▶ WHAT TO PRODUCE
Transcribe the stretch of entries below from the line with "Senecio vernalis. Распустившиеся" through the line with "Mulch für eine Trockentoilette", exactly and with both ends included; leave out all other lines.

▶ PROVIDED RECORDS
################

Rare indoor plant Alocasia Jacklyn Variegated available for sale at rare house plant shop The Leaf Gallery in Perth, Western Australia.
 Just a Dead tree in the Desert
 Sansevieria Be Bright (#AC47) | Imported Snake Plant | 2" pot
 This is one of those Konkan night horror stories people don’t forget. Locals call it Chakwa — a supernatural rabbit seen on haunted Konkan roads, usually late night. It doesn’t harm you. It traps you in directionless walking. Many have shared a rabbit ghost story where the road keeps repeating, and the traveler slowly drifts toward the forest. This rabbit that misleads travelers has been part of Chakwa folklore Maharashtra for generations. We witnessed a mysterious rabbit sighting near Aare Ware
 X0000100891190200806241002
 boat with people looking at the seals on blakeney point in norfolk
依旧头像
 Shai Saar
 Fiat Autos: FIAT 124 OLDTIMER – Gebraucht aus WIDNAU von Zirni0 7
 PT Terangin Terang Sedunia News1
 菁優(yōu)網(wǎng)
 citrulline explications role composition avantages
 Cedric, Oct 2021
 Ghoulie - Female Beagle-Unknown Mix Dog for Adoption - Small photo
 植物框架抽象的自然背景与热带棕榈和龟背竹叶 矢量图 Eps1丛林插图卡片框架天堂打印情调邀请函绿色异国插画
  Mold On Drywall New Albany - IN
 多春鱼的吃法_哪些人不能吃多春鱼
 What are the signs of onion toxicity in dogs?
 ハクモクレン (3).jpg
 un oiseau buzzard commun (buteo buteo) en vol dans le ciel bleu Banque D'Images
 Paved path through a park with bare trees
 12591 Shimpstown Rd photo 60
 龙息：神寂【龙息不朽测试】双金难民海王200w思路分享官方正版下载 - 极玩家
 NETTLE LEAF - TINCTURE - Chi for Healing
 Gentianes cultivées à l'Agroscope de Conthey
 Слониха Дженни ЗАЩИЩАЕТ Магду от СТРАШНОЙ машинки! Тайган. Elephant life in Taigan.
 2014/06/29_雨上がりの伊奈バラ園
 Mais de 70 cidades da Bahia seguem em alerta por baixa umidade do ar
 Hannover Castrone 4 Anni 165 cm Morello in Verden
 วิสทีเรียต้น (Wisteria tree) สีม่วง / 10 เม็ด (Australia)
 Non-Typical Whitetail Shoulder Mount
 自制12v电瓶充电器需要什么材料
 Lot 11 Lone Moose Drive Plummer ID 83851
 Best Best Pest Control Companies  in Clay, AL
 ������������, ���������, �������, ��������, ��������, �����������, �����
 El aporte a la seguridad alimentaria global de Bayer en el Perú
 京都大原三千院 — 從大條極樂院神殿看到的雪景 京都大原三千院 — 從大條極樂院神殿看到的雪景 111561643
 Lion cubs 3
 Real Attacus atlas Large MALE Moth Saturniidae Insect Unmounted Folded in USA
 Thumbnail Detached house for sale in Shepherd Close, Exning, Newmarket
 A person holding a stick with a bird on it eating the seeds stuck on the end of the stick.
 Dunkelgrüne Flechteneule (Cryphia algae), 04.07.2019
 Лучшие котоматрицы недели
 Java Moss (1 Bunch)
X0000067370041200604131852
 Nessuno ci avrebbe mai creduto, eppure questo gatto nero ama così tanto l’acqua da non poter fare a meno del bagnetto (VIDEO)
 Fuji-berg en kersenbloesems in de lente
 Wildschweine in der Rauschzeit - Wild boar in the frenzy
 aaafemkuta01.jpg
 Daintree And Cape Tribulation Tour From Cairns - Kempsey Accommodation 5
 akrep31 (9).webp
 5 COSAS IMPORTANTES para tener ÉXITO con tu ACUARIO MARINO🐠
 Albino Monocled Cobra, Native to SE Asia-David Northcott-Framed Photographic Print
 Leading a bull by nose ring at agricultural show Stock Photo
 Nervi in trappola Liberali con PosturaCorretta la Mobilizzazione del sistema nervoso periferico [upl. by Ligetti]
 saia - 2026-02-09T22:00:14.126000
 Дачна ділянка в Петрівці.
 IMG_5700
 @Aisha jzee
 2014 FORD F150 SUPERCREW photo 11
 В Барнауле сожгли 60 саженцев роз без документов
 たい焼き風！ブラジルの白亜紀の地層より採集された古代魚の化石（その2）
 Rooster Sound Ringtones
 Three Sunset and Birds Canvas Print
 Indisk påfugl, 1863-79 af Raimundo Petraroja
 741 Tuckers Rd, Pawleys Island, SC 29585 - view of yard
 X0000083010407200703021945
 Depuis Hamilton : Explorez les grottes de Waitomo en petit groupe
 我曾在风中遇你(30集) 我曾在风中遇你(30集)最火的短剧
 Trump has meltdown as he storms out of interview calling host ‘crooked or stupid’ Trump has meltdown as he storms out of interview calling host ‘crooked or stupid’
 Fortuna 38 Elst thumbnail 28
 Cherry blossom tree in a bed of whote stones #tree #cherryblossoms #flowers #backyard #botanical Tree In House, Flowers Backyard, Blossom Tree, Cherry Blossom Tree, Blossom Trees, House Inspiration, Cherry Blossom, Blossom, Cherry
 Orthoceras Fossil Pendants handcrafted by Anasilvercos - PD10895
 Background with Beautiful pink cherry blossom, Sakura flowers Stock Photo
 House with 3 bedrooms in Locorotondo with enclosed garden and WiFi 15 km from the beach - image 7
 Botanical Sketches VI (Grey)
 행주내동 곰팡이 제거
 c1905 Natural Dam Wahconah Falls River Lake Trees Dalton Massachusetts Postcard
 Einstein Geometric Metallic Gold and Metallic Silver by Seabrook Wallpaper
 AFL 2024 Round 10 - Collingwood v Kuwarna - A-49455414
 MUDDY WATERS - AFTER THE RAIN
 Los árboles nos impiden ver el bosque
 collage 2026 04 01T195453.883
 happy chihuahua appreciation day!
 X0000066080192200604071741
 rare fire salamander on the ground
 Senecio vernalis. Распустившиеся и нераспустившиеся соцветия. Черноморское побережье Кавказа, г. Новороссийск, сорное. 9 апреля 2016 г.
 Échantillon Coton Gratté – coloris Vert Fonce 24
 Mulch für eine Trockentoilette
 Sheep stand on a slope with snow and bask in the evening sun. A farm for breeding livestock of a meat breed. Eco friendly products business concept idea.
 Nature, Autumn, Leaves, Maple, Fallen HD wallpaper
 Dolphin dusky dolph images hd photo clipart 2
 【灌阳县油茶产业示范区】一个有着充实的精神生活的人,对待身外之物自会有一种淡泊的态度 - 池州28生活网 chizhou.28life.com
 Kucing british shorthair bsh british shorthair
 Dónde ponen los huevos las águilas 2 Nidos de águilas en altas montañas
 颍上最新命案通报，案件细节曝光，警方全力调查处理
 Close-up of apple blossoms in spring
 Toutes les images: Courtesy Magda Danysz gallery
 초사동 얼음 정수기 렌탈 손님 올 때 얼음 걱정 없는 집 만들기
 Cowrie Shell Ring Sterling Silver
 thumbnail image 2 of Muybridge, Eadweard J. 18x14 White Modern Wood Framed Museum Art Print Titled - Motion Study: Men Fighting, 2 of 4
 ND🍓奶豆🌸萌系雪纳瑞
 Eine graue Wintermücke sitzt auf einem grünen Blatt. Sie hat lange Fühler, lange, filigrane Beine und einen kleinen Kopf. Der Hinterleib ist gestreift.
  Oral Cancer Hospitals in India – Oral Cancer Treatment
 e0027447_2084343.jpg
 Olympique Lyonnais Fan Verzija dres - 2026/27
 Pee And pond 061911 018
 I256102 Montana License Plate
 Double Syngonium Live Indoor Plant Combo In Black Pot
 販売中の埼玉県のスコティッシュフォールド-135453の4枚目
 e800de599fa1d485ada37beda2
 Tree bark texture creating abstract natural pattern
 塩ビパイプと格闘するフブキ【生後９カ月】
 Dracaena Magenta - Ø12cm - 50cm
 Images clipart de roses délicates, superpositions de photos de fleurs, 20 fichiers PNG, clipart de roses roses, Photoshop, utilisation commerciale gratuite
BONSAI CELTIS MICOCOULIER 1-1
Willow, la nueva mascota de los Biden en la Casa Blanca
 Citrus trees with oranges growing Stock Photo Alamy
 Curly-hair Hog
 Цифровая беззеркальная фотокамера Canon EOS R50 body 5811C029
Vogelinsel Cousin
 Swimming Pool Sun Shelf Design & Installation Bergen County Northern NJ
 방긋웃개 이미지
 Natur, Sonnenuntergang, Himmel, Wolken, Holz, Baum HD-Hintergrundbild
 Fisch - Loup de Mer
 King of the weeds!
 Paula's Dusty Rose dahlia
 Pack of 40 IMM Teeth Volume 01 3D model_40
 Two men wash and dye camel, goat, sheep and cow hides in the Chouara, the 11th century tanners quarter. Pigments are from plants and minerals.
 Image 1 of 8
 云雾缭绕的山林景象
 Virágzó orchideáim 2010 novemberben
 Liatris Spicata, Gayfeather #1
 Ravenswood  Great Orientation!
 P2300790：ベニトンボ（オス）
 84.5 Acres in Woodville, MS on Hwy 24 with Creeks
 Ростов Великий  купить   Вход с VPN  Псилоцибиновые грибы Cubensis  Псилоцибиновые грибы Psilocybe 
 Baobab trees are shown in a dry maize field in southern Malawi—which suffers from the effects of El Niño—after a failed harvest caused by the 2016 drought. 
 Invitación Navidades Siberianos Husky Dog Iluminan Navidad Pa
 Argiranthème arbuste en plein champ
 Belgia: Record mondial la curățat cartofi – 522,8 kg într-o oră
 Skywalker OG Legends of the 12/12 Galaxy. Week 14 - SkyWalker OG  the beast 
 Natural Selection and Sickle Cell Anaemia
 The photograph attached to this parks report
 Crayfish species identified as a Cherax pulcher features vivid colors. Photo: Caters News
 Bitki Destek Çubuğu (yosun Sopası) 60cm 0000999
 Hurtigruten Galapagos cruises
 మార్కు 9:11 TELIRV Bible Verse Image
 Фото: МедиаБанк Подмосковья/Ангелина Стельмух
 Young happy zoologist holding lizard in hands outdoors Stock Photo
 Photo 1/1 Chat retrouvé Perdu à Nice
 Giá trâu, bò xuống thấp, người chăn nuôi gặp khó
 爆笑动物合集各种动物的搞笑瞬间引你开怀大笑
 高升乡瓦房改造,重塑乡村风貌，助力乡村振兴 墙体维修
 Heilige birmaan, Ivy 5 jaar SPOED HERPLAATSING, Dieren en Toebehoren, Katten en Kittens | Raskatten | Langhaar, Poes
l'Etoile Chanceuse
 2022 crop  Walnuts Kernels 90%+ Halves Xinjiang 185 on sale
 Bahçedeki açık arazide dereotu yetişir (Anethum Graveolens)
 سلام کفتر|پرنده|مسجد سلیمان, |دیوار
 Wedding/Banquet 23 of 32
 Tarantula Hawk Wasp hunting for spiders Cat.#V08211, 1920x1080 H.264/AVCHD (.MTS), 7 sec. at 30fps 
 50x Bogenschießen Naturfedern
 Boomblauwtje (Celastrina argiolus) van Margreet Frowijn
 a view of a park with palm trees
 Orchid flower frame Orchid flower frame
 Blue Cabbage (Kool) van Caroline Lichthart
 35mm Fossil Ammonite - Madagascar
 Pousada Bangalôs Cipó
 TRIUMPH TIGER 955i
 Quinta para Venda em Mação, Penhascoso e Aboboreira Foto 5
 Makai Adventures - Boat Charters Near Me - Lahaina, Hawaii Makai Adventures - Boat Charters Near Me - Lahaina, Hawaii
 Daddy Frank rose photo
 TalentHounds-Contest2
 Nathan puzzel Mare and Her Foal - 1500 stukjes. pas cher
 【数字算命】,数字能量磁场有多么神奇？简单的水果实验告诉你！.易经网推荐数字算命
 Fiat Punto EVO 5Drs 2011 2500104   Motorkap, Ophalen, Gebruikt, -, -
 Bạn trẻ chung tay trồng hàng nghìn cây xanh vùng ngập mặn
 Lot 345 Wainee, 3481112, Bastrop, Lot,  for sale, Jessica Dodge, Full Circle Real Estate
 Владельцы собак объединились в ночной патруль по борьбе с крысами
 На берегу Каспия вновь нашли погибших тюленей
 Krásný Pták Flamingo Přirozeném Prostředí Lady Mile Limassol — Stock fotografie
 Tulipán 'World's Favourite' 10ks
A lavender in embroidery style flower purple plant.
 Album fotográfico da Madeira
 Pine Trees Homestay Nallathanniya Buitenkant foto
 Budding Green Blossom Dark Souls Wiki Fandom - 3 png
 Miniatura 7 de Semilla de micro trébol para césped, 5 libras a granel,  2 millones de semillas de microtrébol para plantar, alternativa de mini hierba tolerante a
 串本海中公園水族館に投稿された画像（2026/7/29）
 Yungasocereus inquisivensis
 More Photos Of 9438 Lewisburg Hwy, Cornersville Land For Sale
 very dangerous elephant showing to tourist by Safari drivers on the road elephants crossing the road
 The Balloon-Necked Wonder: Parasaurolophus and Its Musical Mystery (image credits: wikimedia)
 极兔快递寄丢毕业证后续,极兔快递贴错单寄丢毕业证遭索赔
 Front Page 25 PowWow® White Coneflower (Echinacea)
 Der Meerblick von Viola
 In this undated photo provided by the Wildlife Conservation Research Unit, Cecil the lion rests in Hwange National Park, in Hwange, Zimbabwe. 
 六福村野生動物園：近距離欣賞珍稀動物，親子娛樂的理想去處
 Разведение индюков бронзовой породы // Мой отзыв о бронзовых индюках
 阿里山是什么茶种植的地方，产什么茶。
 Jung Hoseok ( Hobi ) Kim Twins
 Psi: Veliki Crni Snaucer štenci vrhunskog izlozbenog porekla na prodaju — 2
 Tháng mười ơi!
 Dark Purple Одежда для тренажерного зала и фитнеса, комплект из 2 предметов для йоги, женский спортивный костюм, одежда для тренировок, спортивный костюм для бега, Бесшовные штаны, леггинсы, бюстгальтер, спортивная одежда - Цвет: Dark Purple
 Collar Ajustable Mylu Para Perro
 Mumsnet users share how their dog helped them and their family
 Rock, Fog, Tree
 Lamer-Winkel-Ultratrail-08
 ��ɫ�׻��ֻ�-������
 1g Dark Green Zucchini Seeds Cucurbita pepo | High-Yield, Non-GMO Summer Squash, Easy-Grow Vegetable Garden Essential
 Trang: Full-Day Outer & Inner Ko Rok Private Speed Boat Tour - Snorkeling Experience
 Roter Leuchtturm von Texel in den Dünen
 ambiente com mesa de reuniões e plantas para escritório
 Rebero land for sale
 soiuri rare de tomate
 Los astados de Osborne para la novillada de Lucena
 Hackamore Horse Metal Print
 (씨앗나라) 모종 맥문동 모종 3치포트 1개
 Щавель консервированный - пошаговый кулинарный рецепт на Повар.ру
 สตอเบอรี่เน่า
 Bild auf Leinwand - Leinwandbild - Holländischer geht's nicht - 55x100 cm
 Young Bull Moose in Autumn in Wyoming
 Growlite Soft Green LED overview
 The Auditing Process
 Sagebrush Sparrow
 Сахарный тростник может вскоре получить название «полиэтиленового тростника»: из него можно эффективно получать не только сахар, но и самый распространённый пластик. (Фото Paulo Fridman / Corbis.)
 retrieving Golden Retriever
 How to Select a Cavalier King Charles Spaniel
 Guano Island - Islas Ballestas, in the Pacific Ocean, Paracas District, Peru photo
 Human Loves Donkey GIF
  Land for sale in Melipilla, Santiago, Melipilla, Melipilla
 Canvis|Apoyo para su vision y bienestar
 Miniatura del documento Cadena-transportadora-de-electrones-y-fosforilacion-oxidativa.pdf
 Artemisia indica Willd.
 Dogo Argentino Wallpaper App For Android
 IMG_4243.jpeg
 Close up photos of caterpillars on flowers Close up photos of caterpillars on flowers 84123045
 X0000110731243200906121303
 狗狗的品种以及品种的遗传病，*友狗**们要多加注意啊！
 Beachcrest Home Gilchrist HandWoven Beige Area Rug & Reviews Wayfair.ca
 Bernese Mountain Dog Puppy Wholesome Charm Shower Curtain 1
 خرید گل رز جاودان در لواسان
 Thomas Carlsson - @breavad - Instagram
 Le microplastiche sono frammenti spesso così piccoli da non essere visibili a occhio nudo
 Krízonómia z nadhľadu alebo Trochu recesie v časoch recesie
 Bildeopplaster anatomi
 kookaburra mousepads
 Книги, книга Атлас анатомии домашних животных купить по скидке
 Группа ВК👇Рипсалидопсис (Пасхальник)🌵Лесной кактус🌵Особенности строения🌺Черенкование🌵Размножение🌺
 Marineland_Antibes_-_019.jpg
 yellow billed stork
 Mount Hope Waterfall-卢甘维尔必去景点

################

▶ EXERCISE RESPONSE
 Senecio vernalis. Распустившиеся и нераспустившиеся соцветия. Черноморское побережье Кавказа, г. Новороссийск, сорное. 9 апреля 2016 г.
 Échantillon Coton Gratté – coloris Vert Fonce 24
 Mulch für eine Trockentoilette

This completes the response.